Hummel admitted she thought hard over the decision – she recalled a “very, very small” Williamsburg in the 1970s – but at the encouragement of her sister, who had children in WJCC schools, Hummel and her family moved to Williamsburg in 2003.
From there, Hummel jumped into volunteering with the school division, taking on the challenge of organizing the Strawberry Festival at Matthew Whaley in her first year with the school’s PTA. Although being festival chair was a big time commitment, Hummel said it allowed her to meet parents and get to know the school.
Hummel became PTA president not long after and led the association as it planned events for Matthew Whaley’s 75th anniversary in 2006. Funds raised at these events allowed the PTA to have a statue made of the school’s namesake, which sits in front of the school building today.
Around this time Hummel took on the more trying challenge of serving on the citizens redistricting committee, which helped determine which schools Williamsburg students would attend when Matoaka Elementary was completed. The process was difficult, Hummel said, and resolved if she were “in the position to make it a better process, [she] would take that opportunity.”
Hummel worked as a substitute teacher in 2007 and 2008 and filled in at Berkeley Middle School’s front desk, an experience that allowed her to see the “good, bad and ugly” of a typical school day.
“It was really good to get the perspective of a substitute versus a parent in the classroom, and the front desk,” Hummel said.
She stepped back from volunteering in the schools after she earned her master’s in higher education and started working full time in 2009 as the associate director of program development and innovation for the undergraduate business program at William & Mary.
Hummel was not away from the schools long before she started receiving phone calls from community members, including her School Board predecessor Elise Emanuel, who wanted her to apply for a seat on the board.

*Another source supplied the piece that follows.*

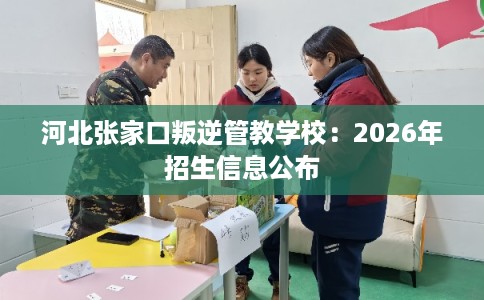 河北张家口叛逆管教学校:2026年招生信息公布 河北张家口叛逆管教学校:2026年招生信息公布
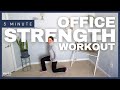 5 Minute Office Strength Workout Bodyweight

With her youngest child now in college, Hummel said she felt she could be objective on school division issues and, as an empty-nester, had more time to give back to the community.
“I had a blast with all my volunteer work because I could see a direct connection” between volunteering and how it benefited her children, Hummel said. “Now I’m at the point where I want to volunteer and not see the direct correlation for my kids but for all of the kids of Williamsburg.”
She applied last year and was appointed to Emanuel’s seat by the Williamsburg City Council in December. Her goals on the School Board include promoting open lines of communication, achieving basic equity among schools and encouraging continuous improvement.
“I think we do a whole lot of things right,” Hummel said. “I’m not coming here thinking I’m going to correct a whole bunch of things that are wrong.”
As a leader, Hummel said she hopes she is seen as a practical consensus builder who has legitimacy from her experience as a WJCC schools parent and substitute.
She said her constituents can expect her to be “one of those School Board members who asks a lot of questions,” not just to educate herself but also members of the community.
“If I’ve got those questions, they’re the kind of questions others might want answered as well,” Hummel said.
Hummel’s term began Jan. 1 and will conclude Dec. 31, 2019. She represents the City of Williamsburg alongside board vice-chairwoman Kyra Cook.